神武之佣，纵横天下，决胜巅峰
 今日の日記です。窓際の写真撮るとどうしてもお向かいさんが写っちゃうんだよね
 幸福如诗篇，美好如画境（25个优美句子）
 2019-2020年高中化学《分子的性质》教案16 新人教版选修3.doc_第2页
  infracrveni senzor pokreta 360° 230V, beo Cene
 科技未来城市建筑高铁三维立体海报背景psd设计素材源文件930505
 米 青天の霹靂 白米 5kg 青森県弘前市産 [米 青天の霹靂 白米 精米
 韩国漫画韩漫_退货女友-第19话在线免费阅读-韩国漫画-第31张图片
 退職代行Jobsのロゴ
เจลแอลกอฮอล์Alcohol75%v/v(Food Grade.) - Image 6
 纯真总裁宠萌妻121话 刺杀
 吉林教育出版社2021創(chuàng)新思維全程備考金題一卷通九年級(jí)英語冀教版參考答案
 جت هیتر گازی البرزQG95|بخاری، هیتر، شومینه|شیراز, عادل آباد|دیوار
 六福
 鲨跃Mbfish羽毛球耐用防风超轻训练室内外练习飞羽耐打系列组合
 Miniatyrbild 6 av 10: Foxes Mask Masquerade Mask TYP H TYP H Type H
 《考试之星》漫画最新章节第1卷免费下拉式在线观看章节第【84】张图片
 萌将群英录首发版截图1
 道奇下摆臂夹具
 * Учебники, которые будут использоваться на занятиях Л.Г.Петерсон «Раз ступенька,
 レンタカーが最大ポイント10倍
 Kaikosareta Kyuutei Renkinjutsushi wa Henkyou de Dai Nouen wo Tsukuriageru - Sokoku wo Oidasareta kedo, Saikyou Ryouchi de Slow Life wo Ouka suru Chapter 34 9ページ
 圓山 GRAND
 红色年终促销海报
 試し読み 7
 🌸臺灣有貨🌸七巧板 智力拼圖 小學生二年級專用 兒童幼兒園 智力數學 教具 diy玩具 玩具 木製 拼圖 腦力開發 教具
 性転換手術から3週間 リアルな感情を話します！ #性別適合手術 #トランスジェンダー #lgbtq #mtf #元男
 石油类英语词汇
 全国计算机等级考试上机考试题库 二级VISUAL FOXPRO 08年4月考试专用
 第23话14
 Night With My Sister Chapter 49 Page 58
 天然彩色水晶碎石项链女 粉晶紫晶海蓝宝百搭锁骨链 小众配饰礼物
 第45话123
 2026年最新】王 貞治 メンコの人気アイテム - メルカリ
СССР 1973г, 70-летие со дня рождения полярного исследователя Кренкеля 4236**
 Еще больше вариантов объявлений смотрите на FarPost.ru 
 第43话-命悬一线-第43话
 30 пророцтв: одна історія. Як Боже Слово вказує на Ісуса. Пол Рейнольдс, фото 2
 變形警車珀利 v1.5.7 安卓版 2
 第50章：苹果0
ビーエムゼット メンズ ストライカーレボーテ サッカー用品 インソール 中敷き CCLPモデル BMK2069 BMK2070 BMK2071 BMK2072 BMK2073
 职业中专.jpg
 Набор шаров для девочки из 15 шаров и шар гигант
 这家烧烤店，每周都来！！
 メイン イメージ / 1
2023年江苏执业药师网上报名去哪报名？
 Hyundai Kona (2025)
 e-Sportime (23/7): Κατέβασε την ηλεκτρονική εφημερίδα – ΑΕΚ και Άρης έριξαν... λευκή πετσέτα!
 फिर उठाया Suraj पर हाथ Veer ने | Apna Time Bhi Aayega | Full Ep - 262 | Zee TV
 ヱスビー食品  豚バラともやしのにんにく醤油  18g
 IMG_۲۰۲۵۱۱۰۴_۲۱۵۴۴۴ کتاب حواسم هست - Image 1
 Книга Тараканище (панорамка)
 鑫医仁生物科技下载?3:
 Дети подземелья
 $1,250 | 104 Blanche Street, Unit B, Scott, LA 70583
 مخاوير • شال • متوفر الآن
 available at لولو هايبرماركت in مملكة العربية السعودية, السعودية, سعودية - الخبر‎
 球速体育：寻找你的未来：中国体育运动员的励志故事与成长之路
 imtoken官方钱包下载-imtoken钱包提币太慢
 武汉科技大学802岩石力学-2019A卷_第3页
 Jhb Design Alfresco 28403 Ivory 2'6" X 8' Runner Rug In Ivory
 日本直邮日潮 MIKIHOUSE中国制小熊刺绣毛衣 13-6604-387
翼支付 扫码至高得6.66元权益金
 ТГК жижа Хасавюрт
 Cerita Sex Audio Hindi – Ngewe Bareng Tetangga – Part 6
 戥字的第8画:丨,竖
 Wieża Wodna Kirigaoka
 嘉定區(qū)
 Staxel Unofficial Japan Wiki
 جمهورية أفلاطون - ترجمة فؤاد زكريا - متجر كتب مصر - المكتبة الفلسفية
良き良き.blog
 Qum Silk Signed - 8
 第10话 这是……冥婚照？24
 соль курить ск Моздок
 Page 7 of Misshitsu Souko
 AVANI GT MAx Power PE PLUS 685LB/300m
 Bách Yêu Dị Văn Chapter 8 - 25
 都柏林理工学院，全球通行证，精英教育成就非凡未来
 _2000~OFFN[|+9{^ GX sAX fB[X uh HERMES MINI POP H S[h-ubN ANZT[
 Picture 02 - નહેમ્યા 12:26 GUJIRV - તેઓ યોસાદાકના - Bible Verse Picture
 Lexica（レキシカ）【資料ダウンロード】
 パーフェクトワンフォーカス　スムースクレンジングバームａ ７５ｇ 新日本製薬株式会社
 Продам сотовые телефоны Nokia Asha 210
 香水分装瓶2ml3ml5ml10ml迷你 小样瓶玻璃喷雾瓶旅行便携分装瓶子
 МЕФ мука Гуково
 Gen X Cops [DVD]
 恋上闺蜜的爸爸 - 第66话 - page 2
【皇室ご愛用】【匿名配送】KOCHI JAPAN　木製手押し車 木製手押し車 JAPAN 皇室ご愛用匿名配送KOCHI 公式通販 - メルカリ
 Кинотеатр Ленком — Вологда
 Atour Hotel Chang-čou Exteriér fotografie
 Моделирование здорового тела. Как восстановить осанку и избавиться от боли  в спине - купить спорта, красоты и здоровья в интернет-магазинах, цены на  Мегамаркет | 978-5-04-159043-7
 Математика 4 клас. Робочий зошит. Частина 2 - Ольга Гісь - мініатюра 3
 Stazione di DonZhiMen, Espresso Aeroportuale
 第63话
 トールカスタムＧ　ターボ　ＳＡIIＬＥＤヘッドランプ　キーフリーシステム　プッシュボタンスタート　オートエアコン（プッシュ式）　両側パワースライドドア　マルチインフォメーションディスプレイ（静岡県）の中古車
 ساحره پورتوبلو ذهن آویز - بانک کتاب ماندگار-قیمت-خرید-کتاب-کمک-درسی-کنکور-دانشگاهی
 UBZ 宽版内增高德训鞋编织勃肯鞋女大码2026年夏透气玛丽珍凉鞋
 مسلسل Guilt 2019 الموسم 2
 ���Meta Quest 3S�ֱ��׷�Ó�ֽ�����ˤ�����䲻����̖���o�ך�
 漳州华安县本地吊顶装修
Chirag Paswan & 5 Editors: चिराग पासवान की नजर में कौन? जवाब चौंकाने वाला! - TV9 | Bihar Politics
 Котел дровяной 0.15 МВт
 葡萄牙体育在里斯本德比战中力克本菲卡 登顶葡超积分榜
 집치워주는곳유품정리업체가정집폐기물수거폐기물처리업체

○ ○ ○ ○

**EXERCISE REQUIREMENTS:** Copy out each line in the preceding records that contains "Chapter".

**THE ANSWER:**
 Kaikosareta Kyuutei Renkinjutsushi wa Henkyou de Dai Nouen wo Tsukuriageru - Sokoku wo Oidasareta kedo, Saikyou Ryouchi de Slow Life wo Ouka suru Chapter 34 9ページ
 Night With My Sister Chapter 49 Page 58
 Bách Yêu Dị Văn Chapter 8 - 25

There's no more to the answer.